Can you teach yourself to be a data scientist?

A data scientist working on a laptop in a  start-up office.
A data scientist working on a laptop in a start-up office.

The number of education options available to would-be data scientists has risen dramatically over recent years. Business and academia alike are seeking to take advantage of the rising demand for data science professionals, and have made effective use of innovations in online learning to do so. These learning options can be roughly divided into two groups: the self-learning group which includes massive online courses (MOOCs) and short boot camps, and the formal education group which includes university and accredited professional programs. 

Both options are useful, and today’s data science industry is comprised of professionals from both backgrounds. Because both paths can lead to success, the question of which path is more suitable for those seeking to become a data scientist is a matter of some debate.

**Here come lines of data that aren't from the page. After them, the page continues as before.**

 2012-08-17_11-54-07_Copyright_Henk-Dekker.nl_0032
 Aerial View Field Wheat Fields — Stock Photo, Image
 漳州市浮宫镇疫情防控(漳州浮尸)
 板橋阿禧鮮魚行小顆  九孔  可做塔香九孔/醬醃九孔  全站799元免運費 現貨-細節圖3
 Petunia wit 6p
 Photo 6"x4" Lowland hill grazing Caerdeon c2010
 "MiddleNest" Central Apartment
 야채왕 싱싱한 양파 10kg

There is no singularly correct answer as to which path is best. Self-taught learning is ideal for individuals who learn best with minimal structure, while the expert guidance that students receive through formal education offers the most assured path to professional success (75% of data scientists hold an advanced degree). The right choice depends on each student’s individual goals, priorities and learning styles. 

Independent learning, a brief review

Self-directed learning is ideal for individuals that don’t thrive in formal education and work best when taking an exploratory approach to learning. Independent learning is also useful for  individuals who want a basic introduction to data science before entering formal education. 

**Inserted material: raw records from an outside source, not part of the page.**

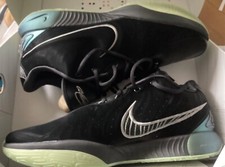 Nike LeBron XXI Basketball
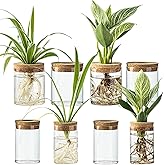 Glass Plant Propagation Stations for Plants – Set of 8(4 Large & 4 Small) Hydroponic Vases for Plant Cuttings,Flower Arrangements, Home & Office Decor–Desktop Vases for Living Room, Bedroom (8)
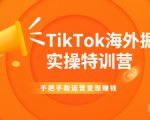 TikTok海外掘金实操特训营:手把手教运营变现赚钱-资源宝库吧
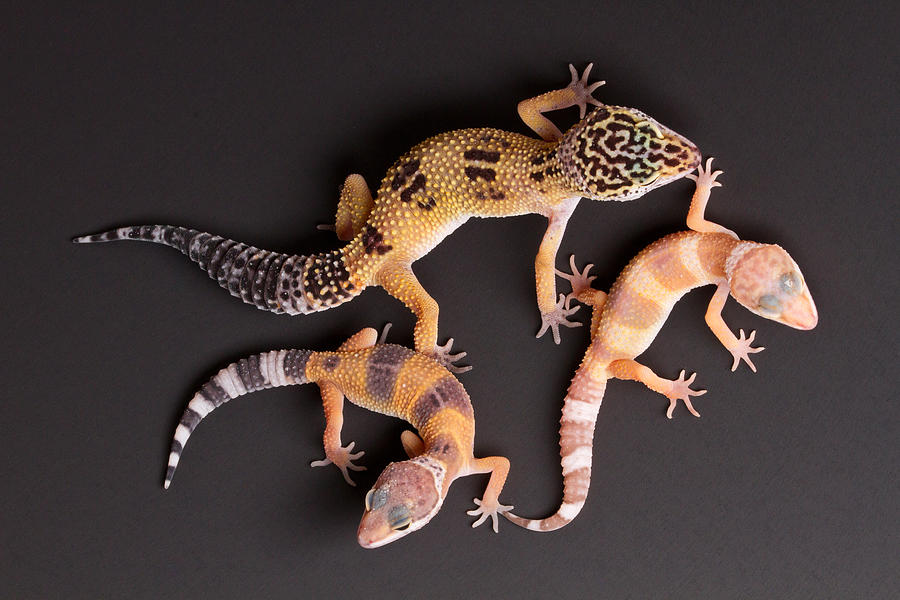 Leopard Gecko E. Macularius Collection #2 Photograph by David Kenny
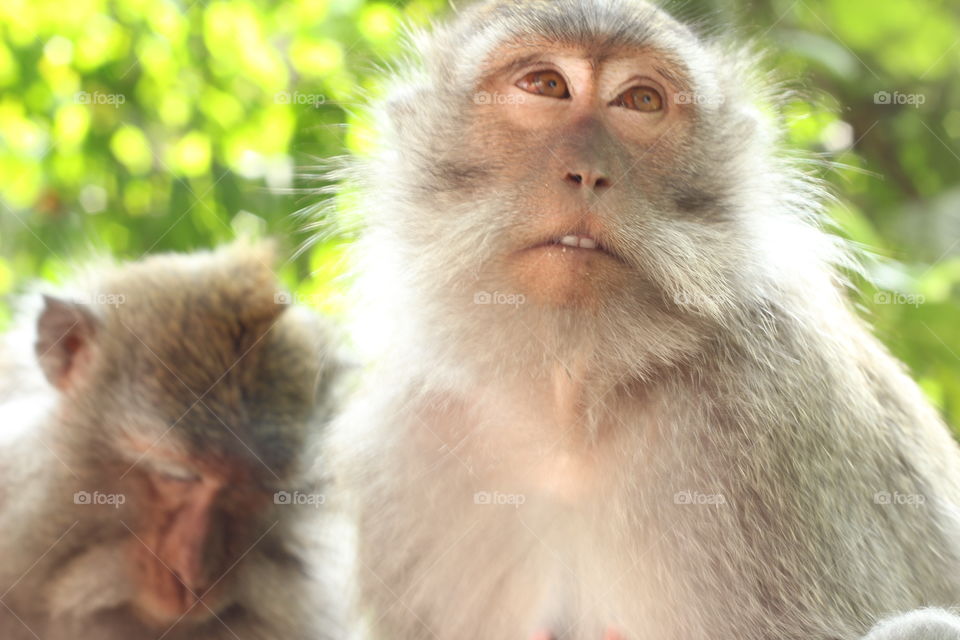 Monkeys of The Ubud temple. . A close up of a monkey in Ubud Bali using my 50mm lens. 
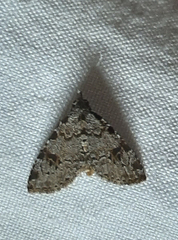 Lepidoptera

The primary challenge of self-directed study is the lack of a clear pathway from beginner to professional. Individual MOOCs or boot camps that offer “all the things you need to get started” don’t offer enough education to enter the field, which means learners must figure out how to combine disparate learning resources into a comprehensive education. In order to become established members of the data science community, it’s necessary to invest significant time into activities such as networking and portfolio-building. 

 

A female data science student studying on her laptop in a cafe.

 

Key independent learner activities 

Networking: To establish yourself as a trustworthy professional, it is vital to make yourself known to the wider data science community. This can be accomplished by actively participating in relevant social media discussions, meetup groups and Q&A sites such as Stack Overflow and Stack Exchange. Networking is a vital way to identify potential skill gaps, learn what skills are most in-demand and find opportunities for collaborating with others. 

Community feedback: Self-learners don’t have the ability to rely on professor feedback, and must instead rely on community feedback to gauge their progress and learn what aspects of their craft they need to improve. This can be accomplished by taking steps such as posting data science projects to GitHub and discussing your work (conducting analysis) on blog sites like Medium. Many self-learning programs include basic instructions on using GitHub as a home for your data science portfolio. 

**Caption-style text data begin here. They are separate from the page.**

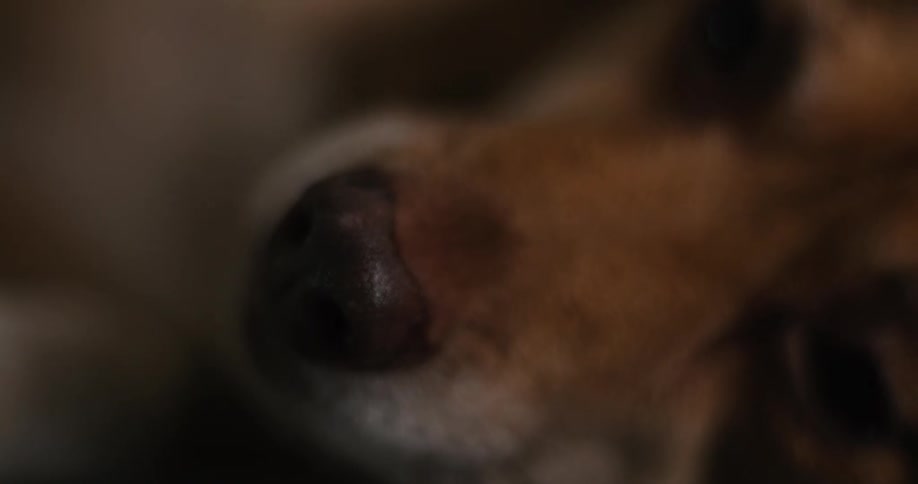 A very close view of a small brown dogs moist black nose and muzzle moving slightly and going out of focus in a dark indoor environment
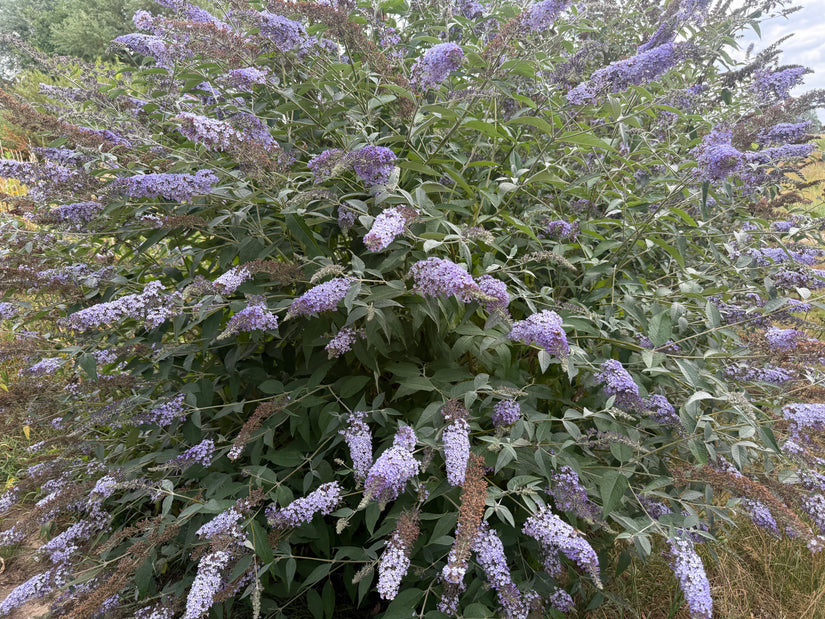 Vlinderstruik - Buddleja davidii 'Nanho Blue'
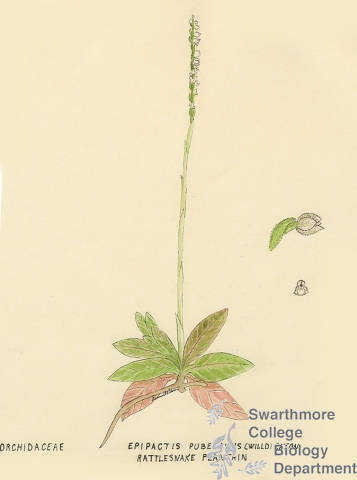 Botanical drawing of genus Epipactis and species pubescens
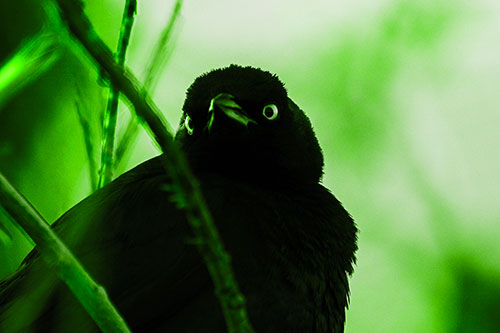 Brewers Blackbird Keeping Watch (Green Tone Photo)
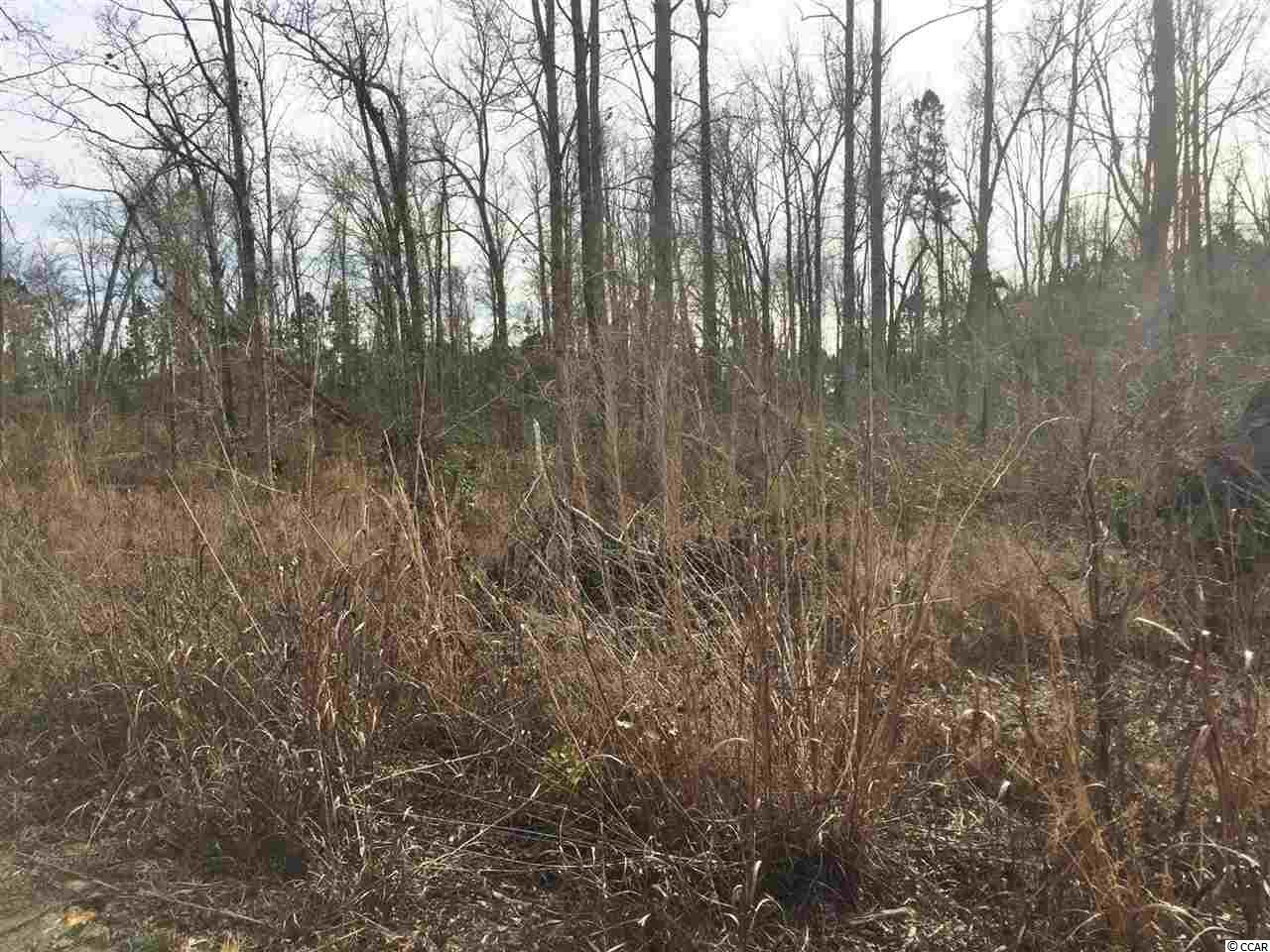 1028 Merritt Road Conway, SC 29526 - Photo 2 of 6 Gallery Image 2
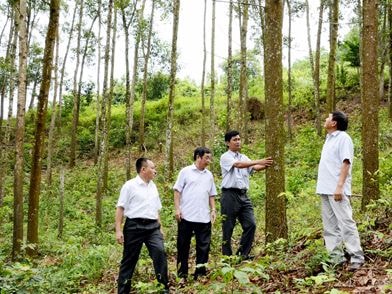 Khảo sát mở rộng vùng nguyên liệu gỗ tại Con Cuông, Quế Phong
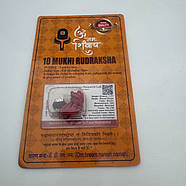 Амулет-талісман Рудракша 10 Мукхі (10 Ліків), фото 3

Portfolio building: Many self-learners focus on practicing skills, not completing projects. However, potential employers need to know that their new hires can work in a real-world environment. By building a portfolio of independent data science projects, you can show employers that you have the initiative and problem solving skills necessary to succeed as a professional. 

Reference building: The path from education to professional practice is less distinct for self-learners than it is for those in formal courses. While it is possible to simply keep expanding your portfolio until you find a full-time job, basic experience can be earned by looking for “gig work” as a freelancer or by collaborating with other data scientists. The people you collaborate with can become valuable professional references. 

The additional advantages of formal learning

A formal education does not make networking, portfolio building or any of the other above practices redundant. Rather, a formal education stands apart from a self-guided process due to the robustness of its curriculum and the emphasis it places on quality control. The efficiency and structure of a formal education creates a learning journey that is more predictable and provides students with more opportunities to fulfil their goals. 

Professional recognition: While self-taught learning requires learners to figure out how to build an attractive portfolio, degree-based learning programs are designed to produce job-ready portfolios as part of students’ journey through their course. Moreover, a data science degree provides graduates with a “foot in the door”, especially with the many large employers that consider formal certifications as part of their hiring criteria. 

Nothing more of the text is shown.